- _Task directions_: Where does the word "Custom" show up in the records? Copy every line that holds it.
*** Opening Extracted material ***
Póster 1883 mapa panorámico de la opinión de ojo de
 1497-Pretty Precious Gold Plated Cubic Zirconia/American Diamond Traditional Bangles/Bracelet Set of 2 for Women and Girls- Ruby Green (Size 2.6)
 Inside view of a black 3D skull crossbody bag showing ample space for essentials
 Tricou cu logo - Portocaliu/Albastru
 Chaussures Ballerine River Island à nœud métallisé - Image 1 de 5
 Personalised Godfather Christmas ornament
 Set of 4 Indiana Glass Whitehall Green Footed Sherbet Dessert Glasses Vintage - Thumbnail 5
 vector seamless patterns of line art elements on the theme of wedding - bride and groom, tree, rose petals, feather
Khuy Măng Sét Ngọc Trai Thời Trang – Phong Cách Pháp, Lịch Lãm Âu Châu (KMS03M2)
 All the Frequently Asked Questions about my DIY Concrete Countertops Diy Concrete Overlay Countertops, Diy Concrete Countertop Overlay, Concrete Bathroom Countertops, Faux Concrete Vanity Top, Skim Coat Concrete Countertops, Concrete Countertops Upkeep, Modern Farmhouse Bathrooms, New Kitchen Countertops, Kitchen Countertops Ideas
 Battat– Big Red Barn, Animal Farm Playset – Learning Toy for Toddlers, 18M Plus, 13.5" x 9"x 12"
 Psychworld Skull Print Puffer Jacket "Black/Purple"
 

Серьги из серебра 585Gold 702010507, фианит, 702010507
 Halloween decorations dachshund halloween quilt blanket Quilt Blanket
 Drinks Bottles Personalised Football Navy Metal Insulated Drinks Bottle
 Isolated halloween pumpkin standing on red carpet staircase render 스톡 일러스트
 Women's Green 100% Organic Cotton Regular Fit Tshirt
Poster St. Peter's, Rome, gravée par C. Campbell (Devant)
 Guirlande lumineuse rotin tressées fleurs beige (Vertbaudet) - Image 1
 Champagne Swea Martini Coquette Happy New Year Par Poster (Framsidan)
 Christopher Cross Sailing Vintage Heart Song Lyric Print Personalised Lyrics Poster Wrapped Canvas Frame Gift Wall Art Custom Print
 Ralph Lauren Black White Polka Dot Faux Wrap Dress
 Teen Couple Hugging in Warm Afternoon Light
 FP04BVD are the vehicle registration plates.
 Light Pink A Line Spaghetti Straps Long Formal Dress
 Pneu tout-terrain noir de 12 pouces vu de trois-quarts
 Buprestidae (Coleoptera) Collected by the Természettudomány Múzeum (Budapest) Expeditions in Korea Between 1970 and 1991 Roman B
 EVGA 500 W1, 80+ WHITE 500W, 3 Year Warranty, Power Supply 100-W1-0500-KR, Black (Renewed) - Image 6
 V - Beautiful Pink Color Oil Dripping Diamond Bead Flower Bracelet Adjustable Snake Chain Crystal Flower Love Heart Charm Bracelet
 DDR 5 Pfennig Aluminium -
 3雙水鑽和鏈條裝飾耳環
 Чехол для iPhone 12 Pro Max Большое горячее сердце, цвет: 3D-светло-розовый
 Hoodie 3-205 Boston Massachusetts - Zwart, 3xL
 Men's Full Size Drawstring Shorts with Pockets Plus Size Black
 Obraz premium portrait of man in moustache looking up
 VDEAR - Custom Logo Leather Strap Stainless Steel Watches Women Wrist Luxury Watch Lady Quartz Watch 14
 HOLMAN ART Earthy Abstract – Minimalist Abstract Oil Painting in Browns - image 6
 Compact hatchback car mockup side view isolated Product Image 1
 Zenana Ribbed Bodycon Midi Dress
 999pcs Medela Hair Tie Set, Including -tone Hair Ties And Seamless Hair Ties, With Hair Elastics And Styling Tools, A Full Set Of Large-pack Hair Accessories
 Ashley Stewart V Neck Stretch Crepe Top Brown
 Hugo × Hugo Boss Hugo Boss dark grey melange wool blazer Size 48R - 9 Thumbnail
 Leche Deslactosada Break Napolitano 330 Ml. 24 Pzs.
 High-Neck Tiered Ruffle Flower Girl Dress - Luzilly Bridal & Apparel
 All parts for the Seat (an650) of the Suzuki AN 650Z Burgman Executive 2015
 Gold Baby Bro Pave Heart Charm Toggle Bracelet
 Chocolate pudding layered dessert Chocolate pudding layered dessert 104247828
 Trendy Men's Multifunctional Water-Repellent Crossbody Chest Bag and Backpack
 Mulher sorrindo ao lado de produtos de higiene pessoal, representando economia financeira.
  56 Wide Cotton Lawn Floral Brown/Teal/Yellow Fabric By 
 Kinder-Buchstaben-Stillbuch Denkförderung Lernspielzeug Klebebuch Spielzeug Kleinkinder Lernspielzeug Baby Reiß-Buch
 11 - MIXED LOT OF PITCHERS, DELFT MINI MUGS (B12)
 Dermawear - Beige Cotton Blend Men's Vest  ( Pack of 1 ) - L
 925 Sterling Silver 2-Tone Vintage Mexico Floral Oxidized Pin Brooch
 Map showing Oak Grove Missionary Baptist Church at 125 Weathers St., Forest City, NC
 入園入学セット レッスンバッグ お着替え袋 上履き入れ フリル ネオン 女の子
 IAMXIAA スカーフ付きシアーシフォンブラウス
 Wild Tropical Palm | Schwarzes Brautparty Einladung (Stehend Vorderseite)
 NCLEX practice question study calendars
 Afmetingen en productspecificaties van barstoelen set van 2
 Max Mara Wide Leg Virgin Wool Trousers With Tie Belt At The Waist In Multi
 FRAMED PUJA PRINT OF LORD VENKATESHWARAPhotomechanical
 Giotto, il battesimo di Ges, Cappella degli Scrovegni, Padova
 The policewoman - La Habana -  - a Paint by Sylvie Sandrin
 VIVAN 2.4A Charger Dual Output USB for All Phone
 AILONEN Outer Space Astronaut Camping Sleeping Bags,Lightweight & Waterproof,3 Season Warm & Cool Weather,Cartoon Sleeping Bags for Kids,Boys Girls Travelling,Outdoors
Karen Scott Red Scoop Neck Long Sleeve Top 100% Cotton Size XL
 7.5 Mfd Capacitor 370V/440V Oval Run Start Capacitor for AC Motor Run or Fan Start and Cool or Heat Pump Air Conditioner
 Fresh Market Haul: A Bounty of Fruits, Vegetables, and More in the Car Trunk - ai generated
*** Closing Extracted material ***
- _Output_:
 Christopher Cross Sailing Vintage Heart Song Lyric Print Personalised Lyrics Poster Wrapped Canvas Frame Gift Wall Art Custom Print
 VDEAR - Custom Logo Leather Strap Stainless Steel Watches Women Wrist Luxury Watch Lady Quartz Watch 14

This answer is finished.